Top of Information provided

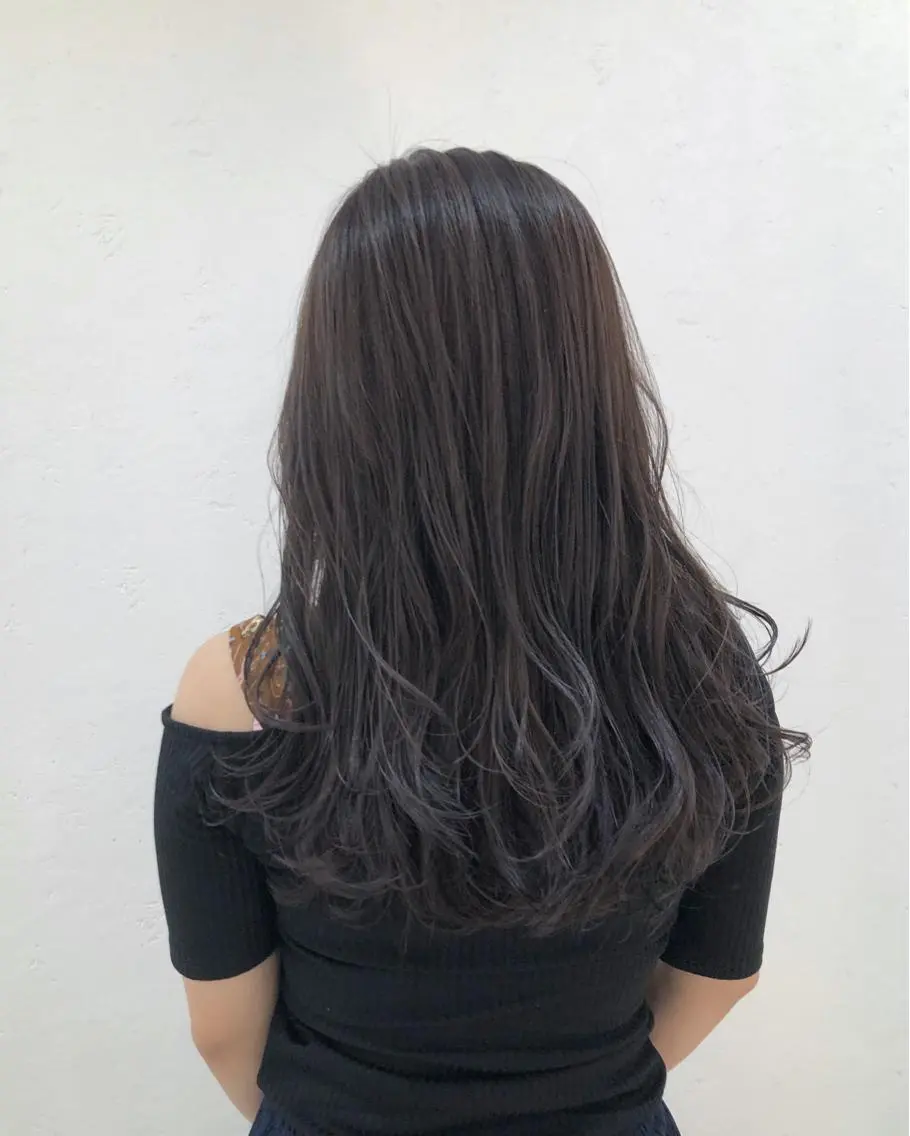 ロング カラー アディクシーカラー ハイライトカラー ハイライト ニュアンスカラー🫧 加納のヘアスタイル
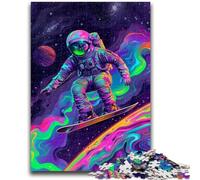 Puzzle da 1000 pezzi per adolescenti e adulti, bellissimi astronauti, antistress, sfida difficile, decorazioni e regali unici per la casa, 26x38cm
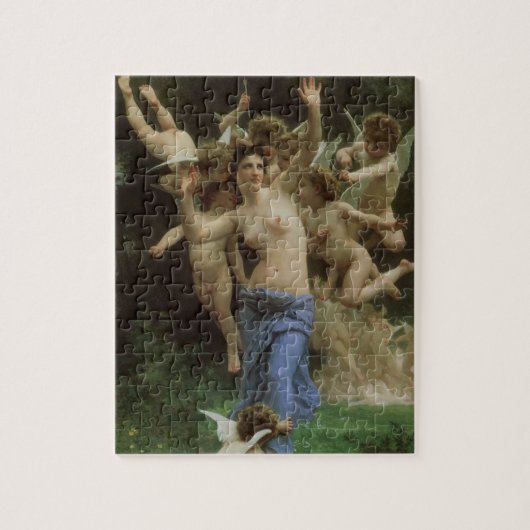 The Wasp's Nest by William Adolphe Bouguereau Puzzle (Vertikal)
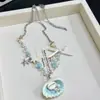 Collar de Cuentas Flor Estrella de Mar Dopamina Estilo Vacaciones en la Costa Cadena para Clavícula Dulce de Moda Accesorio de Diseño de Nicho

Bottom of Information provided

▶ **Task item**
Set the listing down in full and exactly. Pictures within it should not appear in the copy.

▶ **Answer to this problem**
 ロング カラー アディクシーカラー ハイライトカラー ハイライト ニュアンスカラー🫧 加納のヘアスタイル
 Puzzle da 1000 pezzi per adolescenti e adulti, bellissimi astronauti, antistress, sfida difficile, decorazioni e regali unici per la casa, 26x38cm
 The Wasp's Nest by William Adolphe Bouguereau Puzzle (Vertikal)
 Collar de Cuentas Flor Estrella de Mar Dopamina Estilo Vacaciones en la Costa Cadena para Clavícula Dulce de Moda Accesorio de Diseño de Nicho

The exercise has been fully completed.